II. Pour une réhabilitation de la rhétorique comme outil et ornement du discours
- La rhétorique, structure du discours
Cependant, il faut bien voir que cette critique en règle de la rhétorique comme art immoral du mensonge, comme art de la flatterie, est d'une sévérité outrée. Elle sert pour une grande part à la défense et à l'illustration de la philosophie elle-même, que Socrate présente contre le sophiste Calliclès comme un mode de vie conforme au Bien et à la Justice. Mais ce faisant, elle exagère la dimension immorale de la rhétorique, dont nous tendrons à montrer dans cette partie qu'elle est moins un art du mensonge qu'un art du discours, sans véritable dimension morale. Car la rhétorique n'est pas que cette discipline ennemie de la philosophie : elle est aussi la structure du discours enseignée dans les collèges jésuites au XVIIe siècle et au XVIIIe siècle notamment. En effet, elle apprend à organiser la pensée selon un certain ordre qui va de la présentation de la matière abordée, à l'argumentation ordonnée d'une thèse en plusieurs points, jusqu'à la conclusion dont le but est de montrer le résultat de la démarche. Elle ne se donne pas comme un art du mensonge, mais uniquement comme une technique argumentative servant à clarifier l'exposition d'une thèse.

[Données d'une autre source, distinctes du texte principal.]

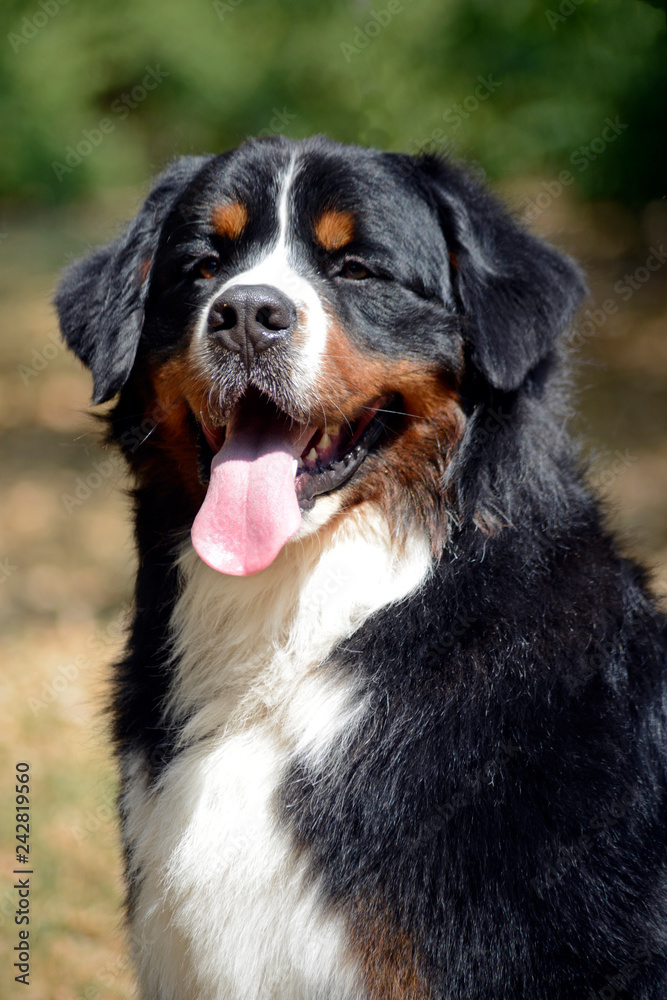 very nice Bernese Mountain Dog portrait in nature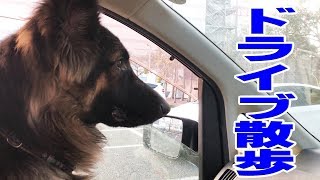 大型犬シェパード犬 ドライブ散歩German Shepherd Dog Akita Inu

- La rhétorique peut être mise au service de la vérité
Ce qui peut sortir du point que nous venons de développer est que la rhétorique peut tout aussi bien être mise au service de la vérité que du mensonge. Si elle est une technique, elle peut fort bien servir à la démonstration du vrai et non pas seulement du faux comme le pensait Platon. Allant plus loin, dans la mesure où la rhétorique est cet art d'ordonnancement rationnel du discours, elle entretient peut-être plus d'affinités avec le vrai que le faux, puisqu'elle répond à des exigences de clarté de l'exposition des idées. Par exemple, la dissertation philosophique est un exercice purement rhétorique, puisqu'elle impose une structure a priori à l'exposition de la pensée, mais sa fin est le vrai, la mise en œuvre d'une pensée dont l'évolution est intelligible et dont les résultats se veulent nécessaires. Parlant de la rhétorique, nous avons tendance à l'associer à l'idée d'ornements, de « fleurs de rhétoriques » étouffant la pensée claire. Mais elle n'est pas que cette surcharge, cette flatterie, mais également une structure reproductible. Quand bien même sa fin véritable serait moins la vérité que la persuasion, il n'en resterait pas moins que la vérité est encore le meilleur moyen de persuader, le plus simple et le plus direct, ce dont il sort que la rhétorique peut être un art de la vérité.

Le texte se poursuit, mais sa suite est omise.